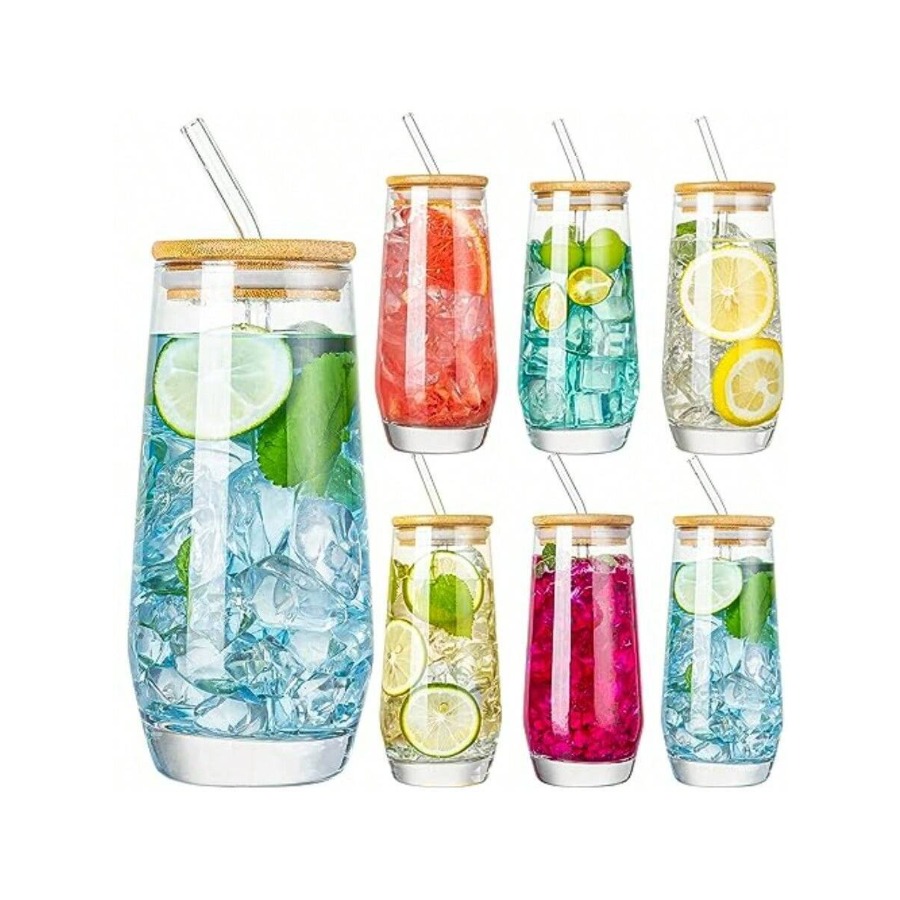 Highball Glass Set - DDrinking Glasses Crystal Highball Glasses Set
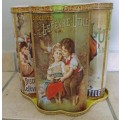 RARE Cookie tins by LU, Lefèvre-Utile. Vintage French biscuits container-tin, Kitchen Retro Vintage.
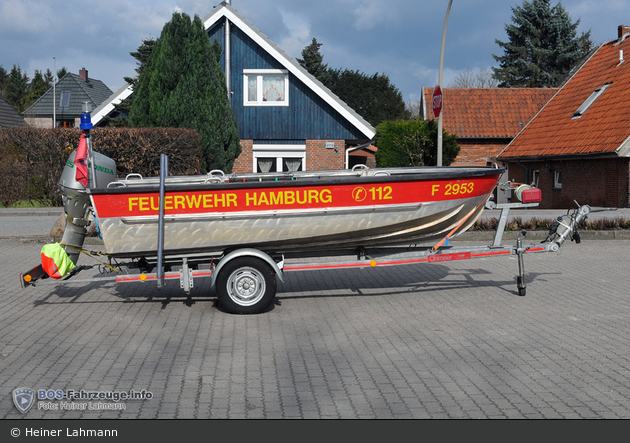 Florian Hamburg Neuengamme Kleinboot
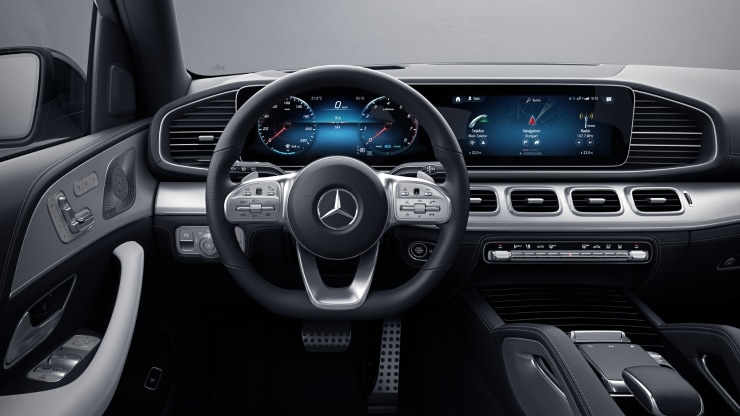 AMG Line interior 2
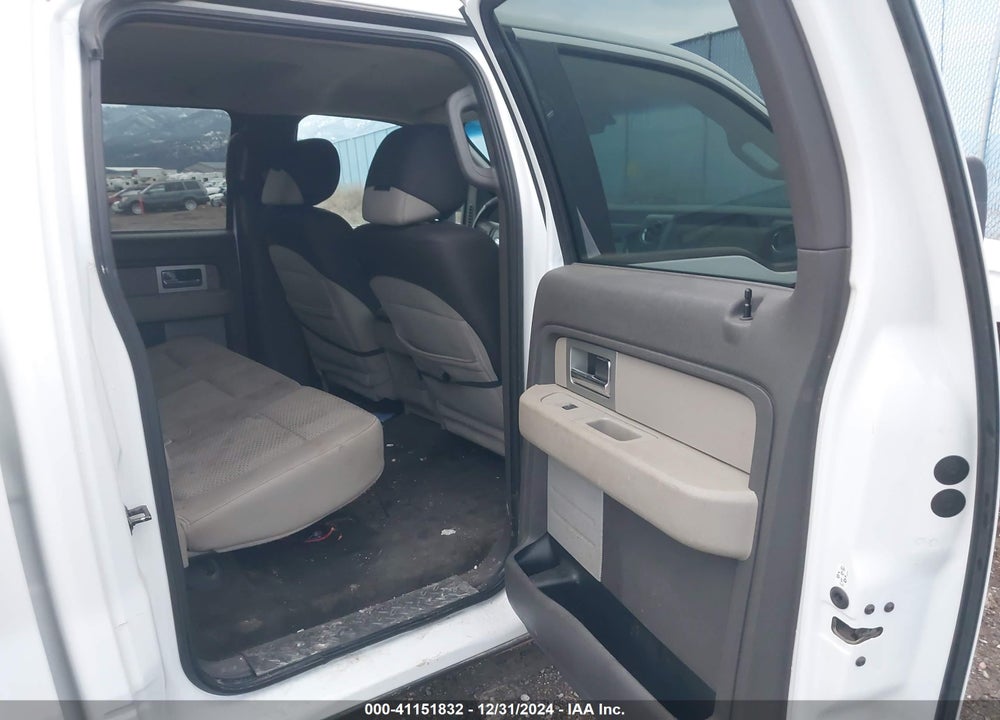2010 FORD F150 VIN: 1FTFW1EV4AFD68862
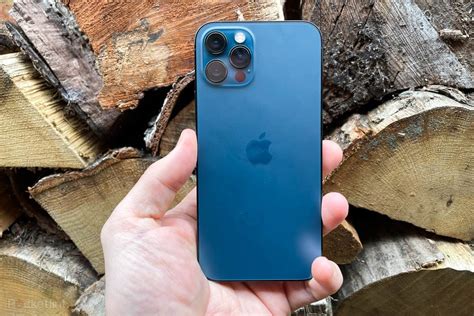 Así Luce El Iphone 12 Pro En Azul Pacífico El Nuevo Color De Esta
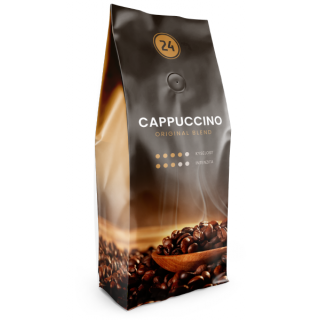 Zrnková káva Cappuccino 500g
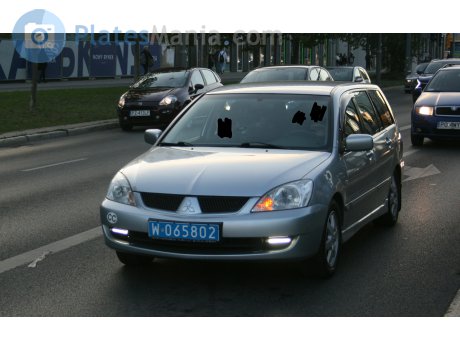 W 065802, Mitsubishi Lancer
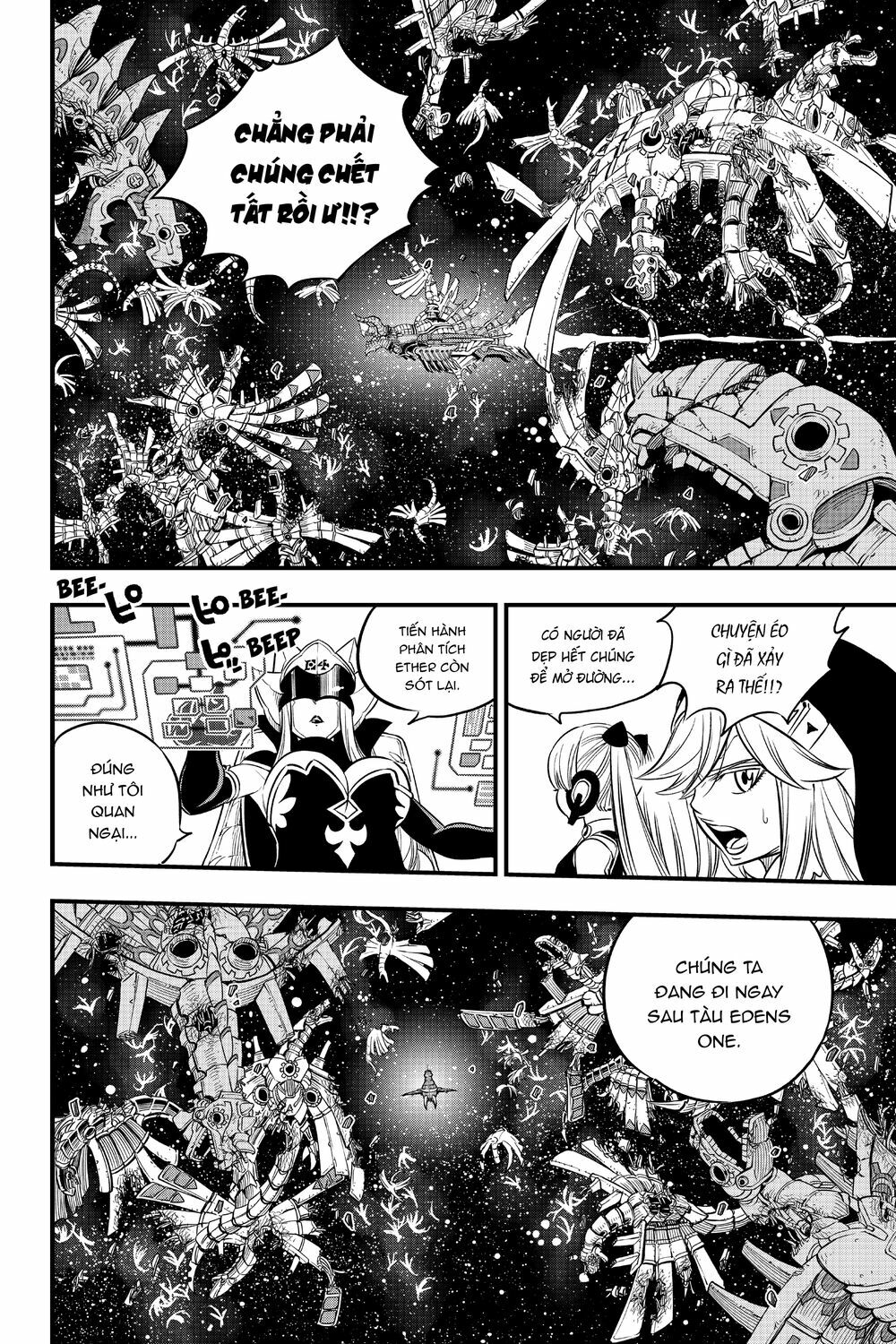 hội pháp sư và thánh thạch rave chapter 105 4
------------
▶ **What is required**: In the copy, each entry above must match exactly, and no picture may be carried over.

▶ **Result of this task**:
 Highball Glass Set - DDrinking Glasses Crystal Highball Glasses Set
 RARE Cookie tins by LU, Lefèvre-Utile. Vintage French biscuits container-tin, Kitchen Retro Vintage.
 Florian Hamburg Neuengamme Kleinboot
 AMG Line interior 2
2010 FORD F150 VIN: 1FTFW1EV4AFD68862
 Así Luce El Iphone 12 Pro En Azul Pacífico El Nuevo Color De Esta
 Zrnková káva Cappuccino 500g
 W 065802, Mitsubishi Lancer
 hội pháp sư và thánh thạch rave chapter 105 4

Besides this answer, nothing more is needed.